Lado Odishvili

Personal information
- Date of birth: 28 May 2003 (age 22)
- Place of birth: Georgia
- Position(s): Defender

Team information
- Current team: Telavi
- Number: 39

Youth career
- Locomotive

Senior career*
- Years: Team / Apps / (Gls)
- 2021: Locomotive-2
- 2022: Vazisubani
- 2023: Ilanka Rzepin
- 2024–: Telavi / 44 / (0)

International career^{‡}
- 2021: Georgia U19 / 1 / (0)
- 2024: Georgia U20 / 1 / (0)
- 2024–: Georgia U21 / 4 / (0)

= Lado Odishvili =

Georgian footballer (born 2003)

Lado Odishvili (ლადო ოდიშვილი; born 28 May 2003) is a Georgian professional footballer who plays as a defender for Erovnuli Liga club Telavi.

==Club career==
Odishvili is a product of Locomotive's youth academy. He played in U15 Golden League before being promoted to Locomotive-2.

In early March 2023, Polish IV liga side Ilanka Rzepin announced the signing of Odishvili.
In his second game for the team, Odishvili scored in a 3–1 away win over Celuloza Kostrzyn nad Odrą, shortly followed by another two goals.

In February 2024, Odishvili was among eleven new players introduced by Erovnuli Liga club Telavi. He made his debut in the top tier against Iberia 1999 on 2 March 2024 and quickly established himself as a regular player, making 29 league appearances in his first season for the team.

==International career==
Odishvili was first called up by coach Vasil Maisuradze to the national U19 team for two friendlies against Estonia in September 2021.

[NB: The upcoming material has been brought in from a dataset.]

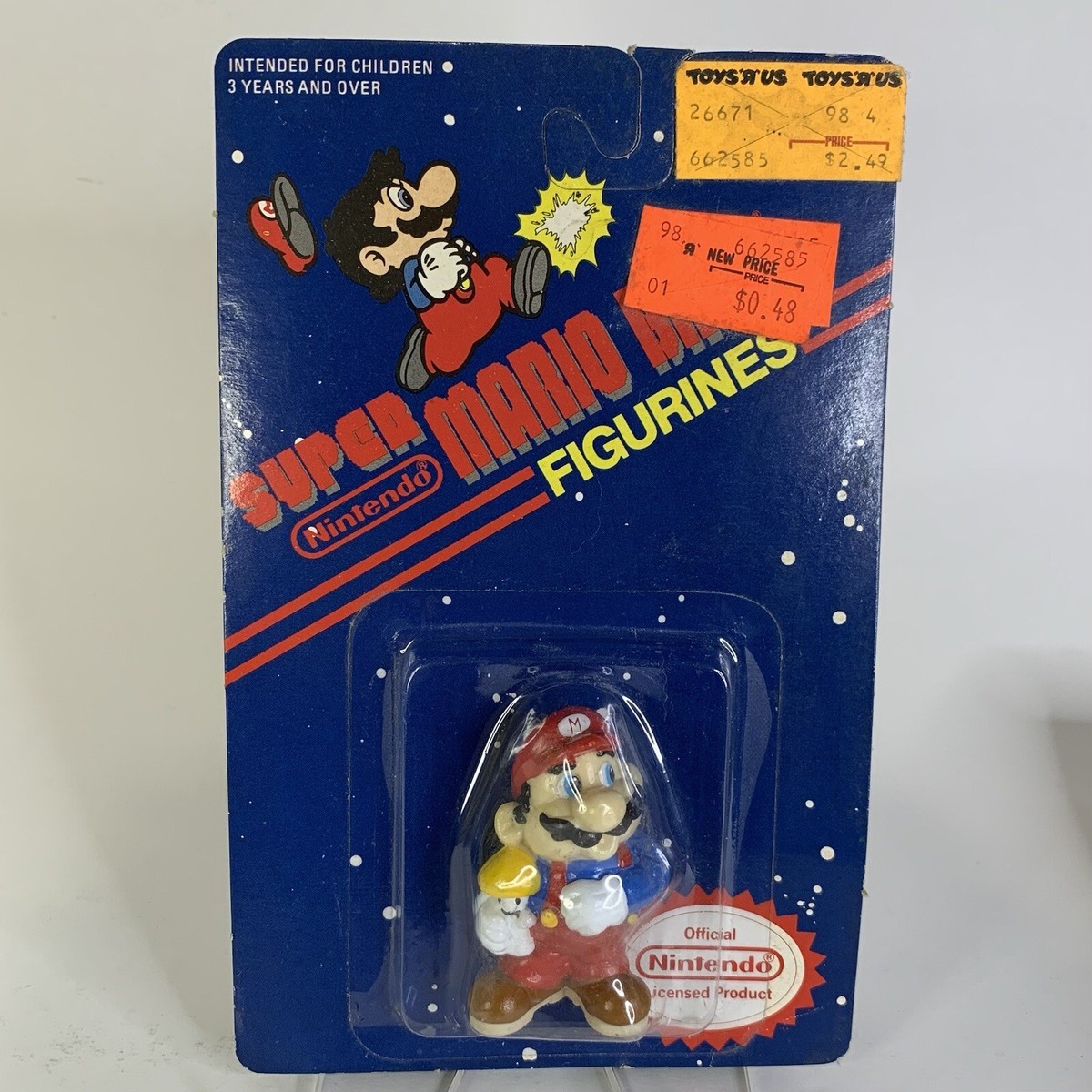 UNPUNCHED Nintendo Super Mario Bros Figure w/ Mushroom 1989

On 8 June 2024, Odishvili took part in a friendly U20 game against Kazakhtan, being the only Georgian footballer who played the entire match. Three months later, he joined the U21 team in its 2025 UEFA European Under-21 Championship qualifying campaign in September 2024. Odishvili made his first appearance for the team as a substitute against Netherlands on 9 September.

As the team qualified for the 2025 UEFA European Under-21 Championship following a dramatic play-off victory over Croatia, Odishvili was named in a 23-men squad by coach Ramaz Svanadze in June 2025.